I.M. Pei, the preeminent U.S. architect who forged a distinct brand of modern building design with his sharp lines and stark structures, has died, his sons’ architecture firm said on Thursday. He was 102 years old.
The Chinese-born Pei was the mastermind behind the bold Louvre pyramid in Paris, the landmark 72-story Bank of China tower in Hong Kong and Athens’ Museum of Modern Art, works seen as embracing modernity tempered by grounding in history.
In his adopted home country the United States, Pei became perhaps best known for his landmark East Building at Washington’s National Gallery of Art, deftly melding sharp modern angles with the monumental grandeur the U.S. capital is known for. “Contemporary architects tend to impose modernity on something. There is a certain concern for history but it is not very deep,” Pei told The New York Times in a 2008 interview. “I understand that times have changed, we have evolved.
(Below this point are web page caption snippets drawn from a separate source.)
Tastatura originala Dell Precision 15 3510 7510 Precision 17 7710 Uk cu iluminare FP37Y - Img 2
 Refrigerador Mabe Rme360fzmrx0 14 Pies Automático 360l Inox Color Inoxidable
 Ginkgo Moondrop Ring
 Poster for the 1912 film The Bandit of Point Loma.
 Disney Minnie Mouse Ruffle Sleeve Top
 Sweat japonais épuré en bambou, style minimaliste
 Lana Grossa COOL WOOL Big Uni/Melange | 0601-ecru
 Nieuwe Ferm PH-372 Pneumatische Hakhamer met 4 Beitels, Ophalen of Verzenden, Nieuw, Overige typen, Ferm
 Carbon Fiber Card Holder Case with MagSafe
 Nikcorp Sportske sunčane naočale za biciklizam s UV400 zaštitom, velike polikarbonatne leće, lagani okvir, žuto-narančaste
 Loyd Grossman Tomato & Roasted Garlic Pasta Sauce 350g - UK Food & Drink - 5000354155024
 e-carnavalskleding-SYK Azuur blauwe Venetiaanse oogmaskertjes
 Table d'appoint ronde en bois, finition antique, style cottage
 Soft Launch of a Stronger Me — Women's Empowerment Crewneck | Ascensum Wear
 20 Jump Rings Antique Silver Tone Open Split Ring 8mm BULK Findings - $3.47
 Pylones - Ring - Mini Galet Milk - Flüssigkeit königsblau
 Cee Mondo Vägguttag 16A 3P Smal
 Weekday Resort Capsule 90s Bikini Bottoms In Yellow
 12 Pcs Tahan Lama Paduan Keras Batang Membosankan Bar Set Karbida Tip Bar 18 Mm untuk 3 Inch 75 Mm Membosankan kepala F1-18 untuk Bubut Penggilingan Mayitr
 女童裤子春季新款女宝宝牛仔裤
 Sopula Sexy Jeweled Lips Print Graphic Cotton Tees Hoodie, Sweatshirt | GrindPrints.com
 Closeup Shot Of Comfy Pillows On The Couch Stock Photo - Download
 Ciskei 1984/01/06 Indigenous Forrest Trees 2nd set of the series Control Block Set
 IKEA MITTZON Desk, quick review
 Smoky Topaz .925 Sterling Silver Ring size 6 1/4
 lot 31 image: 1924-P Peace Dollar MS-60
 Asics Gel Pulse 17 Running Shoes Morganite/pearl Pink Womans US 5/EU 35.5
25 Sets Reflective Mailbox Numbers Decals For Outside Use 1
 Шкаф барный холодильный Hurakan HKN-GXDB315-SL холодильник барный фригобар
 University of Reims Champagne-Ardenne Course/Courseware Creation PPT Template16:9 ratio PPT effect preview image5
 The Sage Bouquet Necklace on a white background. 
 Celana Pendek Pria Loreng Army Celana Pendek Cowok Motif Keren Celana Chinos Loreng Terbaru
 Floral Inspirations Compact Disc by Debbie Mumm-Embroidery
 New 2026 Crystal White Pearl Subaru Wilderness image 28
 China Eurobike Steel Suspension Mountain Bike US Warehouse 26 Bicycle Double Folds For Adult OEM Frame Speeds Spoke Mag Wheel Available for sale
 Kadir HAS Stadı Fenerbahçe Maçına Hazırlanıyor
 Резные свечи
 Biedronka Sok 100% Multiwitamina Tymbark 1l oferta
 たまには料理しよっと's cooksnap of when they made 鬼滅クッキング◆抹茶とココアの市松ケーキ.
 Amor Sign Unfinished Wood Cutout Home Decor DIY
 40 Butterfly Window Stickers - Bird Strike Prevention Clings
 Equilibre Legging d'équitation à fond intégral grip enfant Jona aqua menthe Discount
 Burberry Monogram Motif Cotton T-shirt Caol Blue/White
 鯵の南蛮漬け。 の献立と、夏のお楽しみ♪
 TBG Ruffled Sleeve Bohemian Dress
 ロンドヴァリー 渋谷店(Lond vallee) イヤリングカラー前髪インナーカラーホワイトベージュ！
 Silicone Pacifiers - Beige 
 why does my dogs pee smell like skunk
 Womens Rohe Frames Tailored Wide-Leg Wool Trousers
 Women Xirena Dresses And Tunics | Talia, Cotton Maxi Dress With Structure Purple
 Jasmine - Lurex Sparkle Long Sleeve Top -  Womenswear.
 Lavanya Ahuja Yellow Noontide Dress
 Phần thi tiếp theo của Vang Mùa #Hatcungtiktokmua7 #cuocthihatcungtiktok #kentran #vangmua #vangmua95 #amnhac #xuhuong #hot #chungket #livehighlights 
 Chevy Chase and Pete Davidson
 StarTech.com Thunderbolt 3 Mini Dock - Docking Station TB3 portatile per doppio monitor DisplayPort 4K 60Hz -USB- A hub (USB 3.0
But I don’t want to forget the beginning.”
“A lasting architecture has to have roots.”
Born in China in 1917, banker’s son Ieoh Ming Pei came to the U.S. at 17 to study architecture, receiving an undergraduate degree in the field from the Massachusetts Institute of Technology in 1940. He then enrolled in Harvard University’s Graduate School of Design, where he received a Masters degree in architecture in 1946. He became a naturalized U.S. citizen in 1954.
His revered projects include the Rock and Roll Hall of Fame and Museum in Cleveland, Ohio; the Miho Museum of Shigo, Japan; the Morton Meyerson Symphony Center in Dallas, Texas, and The John F. Kennedy Library in Boston, Massachusetts.
Despite being a confessed Islamic art novice, he was also commissioned to design the Museum of Islamic Art in Doha, Qatar, which opened in 2008.
In 1988, then-French president Francois Mitterrand inducted Pei as a Chevalier in the Legion d’Honneur, later raising him to the rank of Officier when Phase II of the glass-and-stainless steel Grand Louvre pyramid was completed in 1993.
U.S. president George Bush awarded Pei the Medal of Freedom that same year, when he was also elected an Honorary Academician of the Royal Academy of Arts in London.